Das Interesse der literarischen Öffentlichkeit für einen Autor bleibt selten konstant, sondern unterliegt zumeist größeren oder kleineren Schwankungen, richtet sich nach Moden, ästhetischen Trends und politischen Konventionen. Nicht einmal die Größten sind dagegen gefeit, auch wenn die Fachwelt ihnen und ihrem Werk ununterbrochen ihre Aufmerksamkeit schenkt. Dieses regelmäßige Pendeln zwischen Bejubeltwerden und In-Vergessenheit-Geraten resultiert aber nicht nur aus der instabilen Akzeptanz des Leserpublikums, sondern auch aus der ewigen Wiederkehr runder Geburts- und Todestage; die runde Zahl provoziert - schließlich sind wir Gefangene des Dezimalsystems.
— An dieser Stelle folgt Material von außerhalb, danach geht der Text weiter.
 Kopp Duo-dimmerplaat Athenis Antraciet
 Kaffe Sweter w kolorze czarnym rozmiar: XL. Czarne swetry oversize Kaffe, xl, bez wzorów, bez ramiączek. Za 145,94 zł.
1996 feierte die literarische und germanistische Welt den 100. Geburts- zugleich mit dem 30. Todestag Heimito von Doderers, was zu einer Flut von Veröffentlichungen und einer gewissen Renaissance des außerhalb Österreichs bereits etwas in Vergessenheit geratenen Autors führte, vor allem aber die Interpreten zu einer erneuten Reflexion anspornte. Die von Kai Luehrs edierte Sammlung von Studien und Essays mit dem charakteristischen Titel "Excentrische Einsätze" ist indessen kein gewöhnlicher Sammelband im Sinne einer routinemäßigen Dokumentation der anläßlich dieser Jahrestage entstandenen Beiträge. Sie synthetisiert nicht so sehr die Positionen der älteren Forschung, sondern fokussiert vielmehr die Ergebnisse einer neuen Doderer-Lektüre, die sich bemüht, der Welt des "totalen Romans" neue Erkenntnisse abzugewinnen. Es sind tatsächlich viele neue Perspektiven, sowohl in literarhistorischer als auch in methodologischer Sicht, auch wenn es auf der Umschlagrückseite des Buches tiefstaplerisch-kokett heißt: "Als excentrisch, d. h. von der Peripherie der heutigen Doderer-Rezeption herkommend, lassen sich auch die Studien und Essays begreifen, die auf Tagungen zu Doderers 100. Geburtstag im Jahre 1996 in Edinburgh und Berlin vorgetragen wurden, und die sich dem Werk des österreichischen Romanciers in umfassender Weise widmeten." Der Etikettierung als "excentrisch" kann man wohl zustimmen, das Spektrum der Problemstellungen hingegen ist keineswegs "peripher", sondern - ganz im Gegenteil - oft fundamental, die aufgeworfenen Fragen eröffnen neue Perspektiven. Gerade die exzentrische ,Positur' Doderers, die gewollt, gespielt und durchaus literarisiert war, erklärt die Tatsache, warum uns dieser Autor, aber auch dieser Mensch keine Ruhe läßt.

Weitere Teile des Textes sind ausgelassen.